I understand why they would change their first/Christian names, but I dont see why there would have a neccesity to change their Venetian surnames/family names as long as those family names had no religious affiliation.

and in the case of Venetians avoision of heavy taxation wasnt why they converted, they converted to Islam/Orthodoxism of anti-Catholicism within the Ottoman empire

Oracle wrote:Anyway, apostasy from Islam to Christianity incurred the death penalty.


only until 1857 when the Ottomans pushed through reforms on religious freedom (Hatti-Humayun)


Please correct me if I am wrong, but I believe that TCs have only recently started using surnames. Until recently TCs were indentified by their own forename followed by their father's name.
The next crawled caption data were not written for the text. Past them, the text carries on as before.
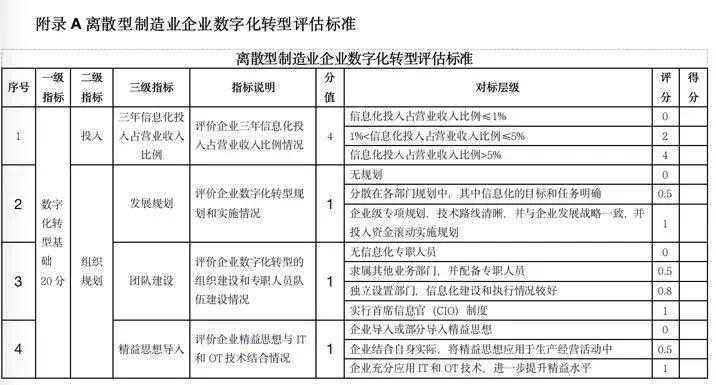 黄大仙精准一肖一码com,标准化流程评估_专业款27.536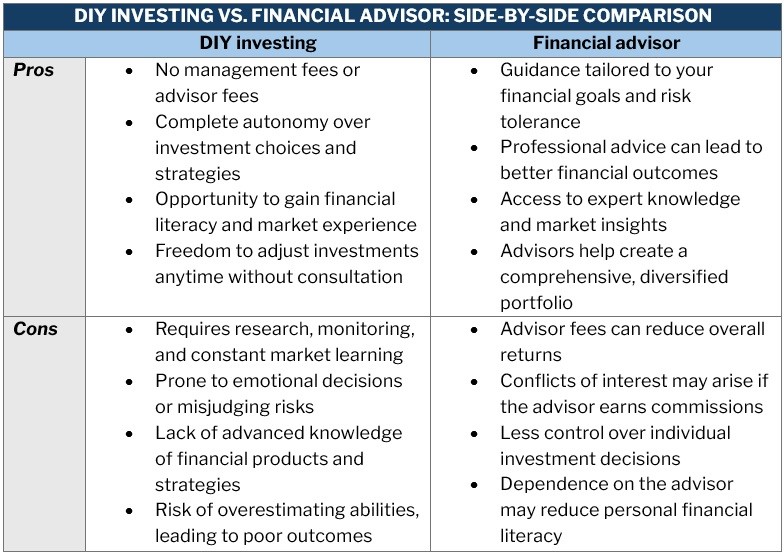 Table listing the pros and cons of DIY investing vs financial advisor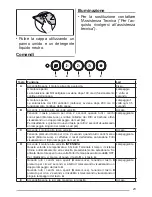 Preview for 23 page of Faber Talika User Manual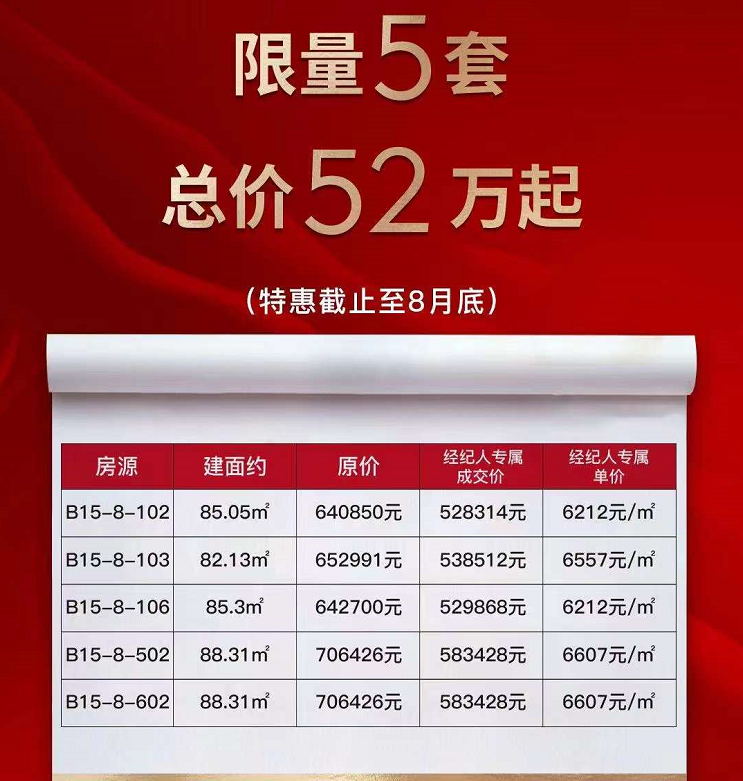 万科眉州文化村首付分期5.5万起!特价6200元/平起!-眉山楼盘网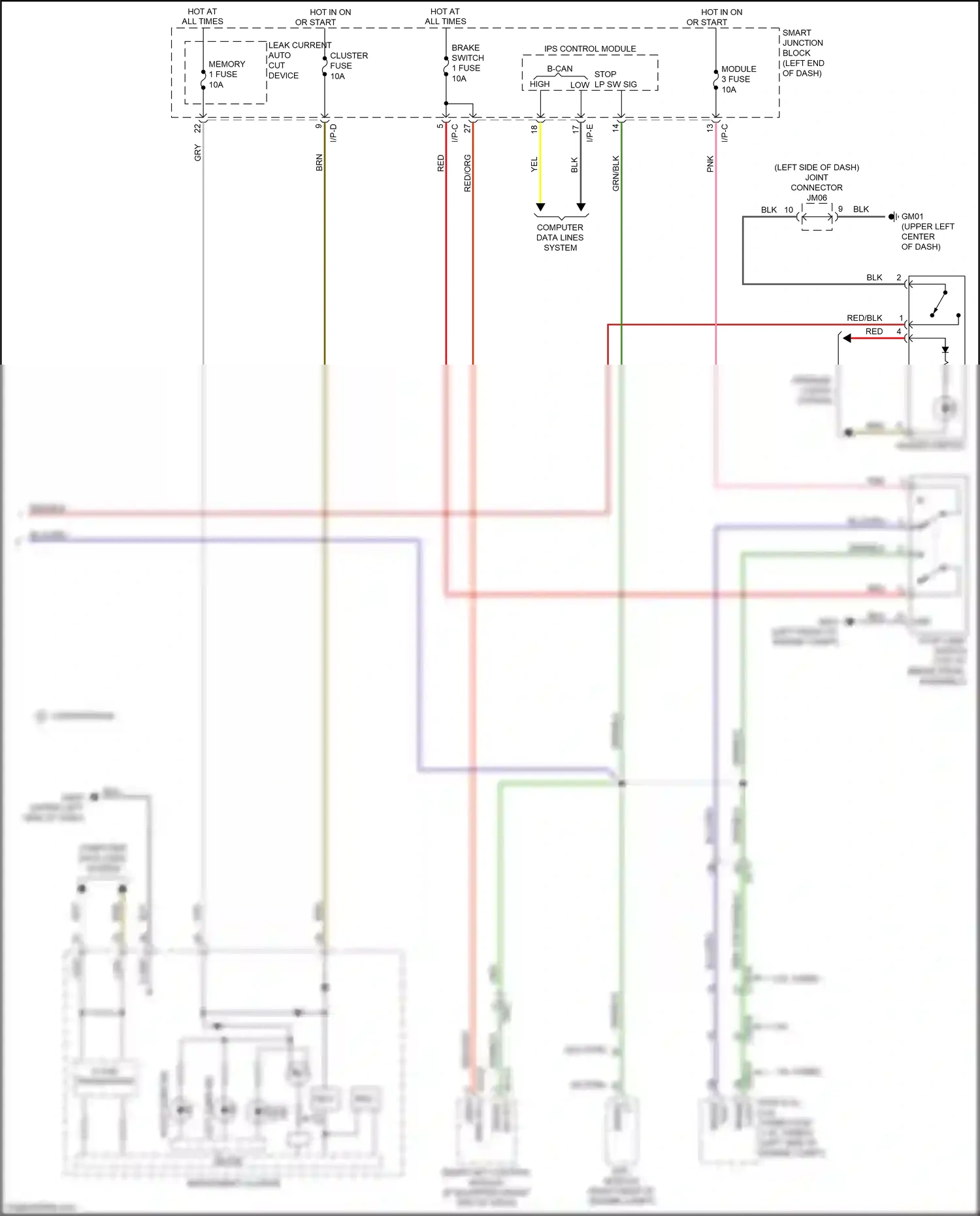 Kia Optima IV facelift (2018-2020) gry wiring diagram  (84 of 222)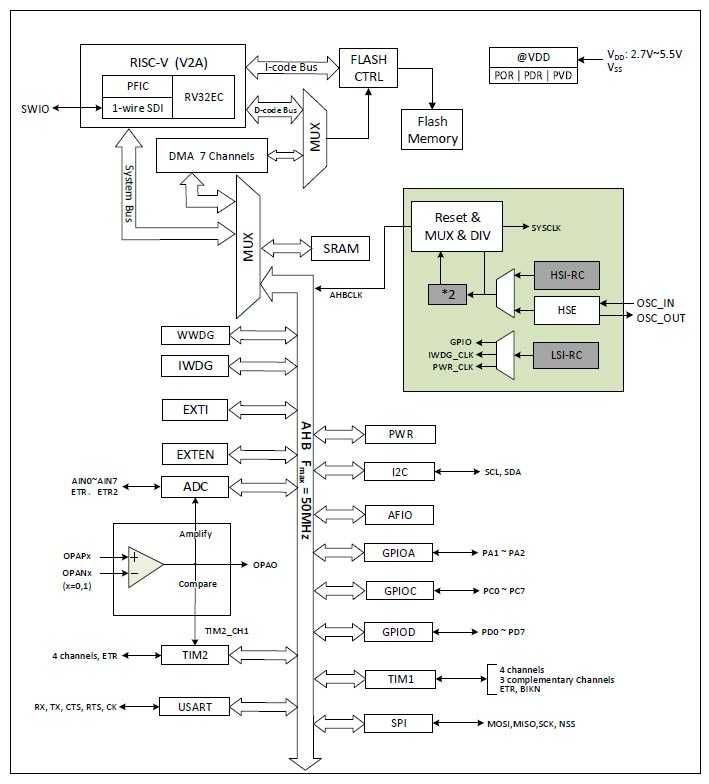 CH32V003 48MHz Type-C Отладочная плата CH32V003F4P6 RISC-V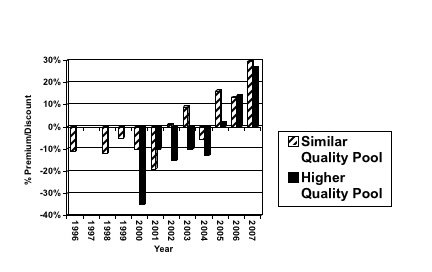 Comparison of Prices Received to a Similar and Higher Quality Montana Pool Prior to and After Formation of the Consolidated Project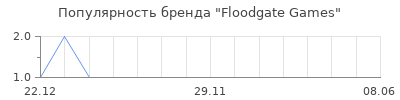 Популярность Floodgate Games
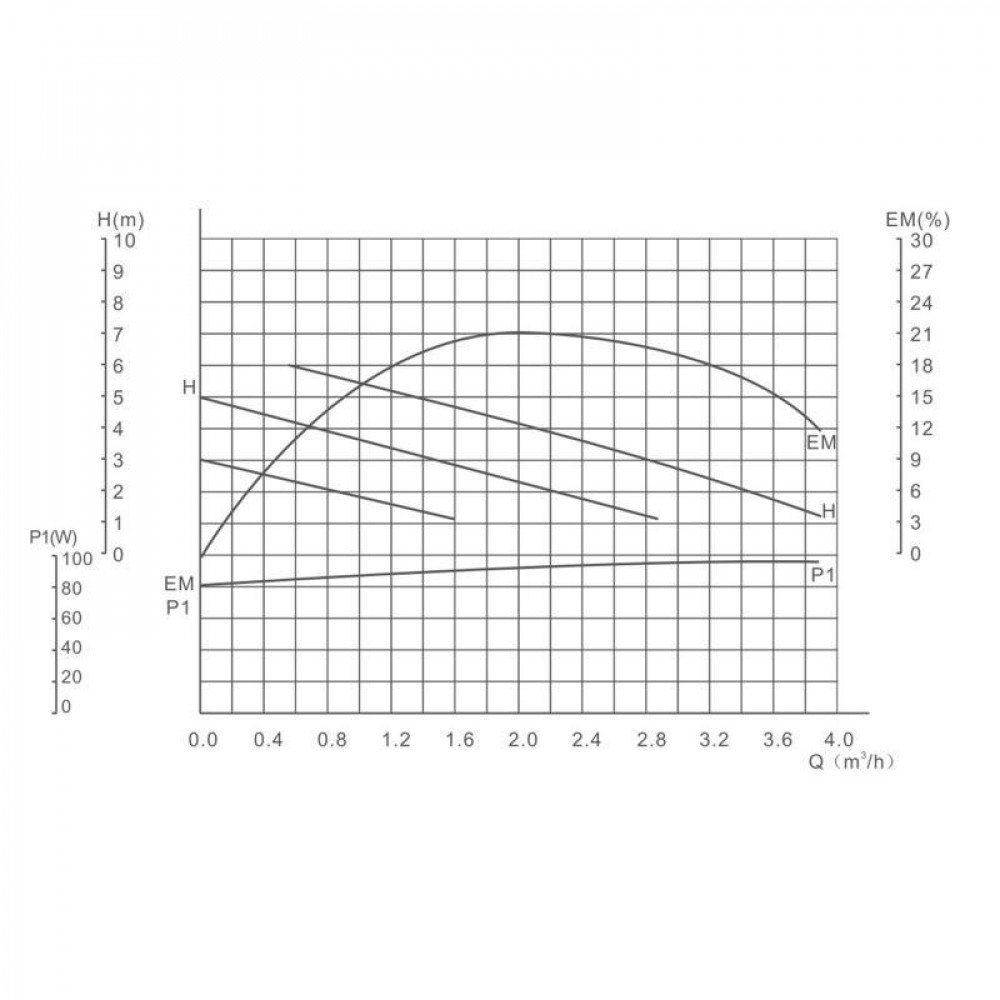 Насос циркуляційний GRS UPS 25/60/180 SD00034608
If a man named Fikret had a son called Mehmet, he would be know as 'Mehmet Fikret'. If the latter had a daughter called Lale, she would be know as 'Lale Mehmet'. So even if Venetians had surnames or family names, there was no tradition that would have preserved these.

Yes but if a man was called Mehmet Ismail for instance he would also unofficially be refered to as Mehmed Ismailo, or Kashano or Halilazzo or quite a few other o's.


The "-o" ending was not so common in 16th century Venetian names ... more likely endings were "-in" such as Bragadin or Augustin ... Also, most of them tended to have Saints names.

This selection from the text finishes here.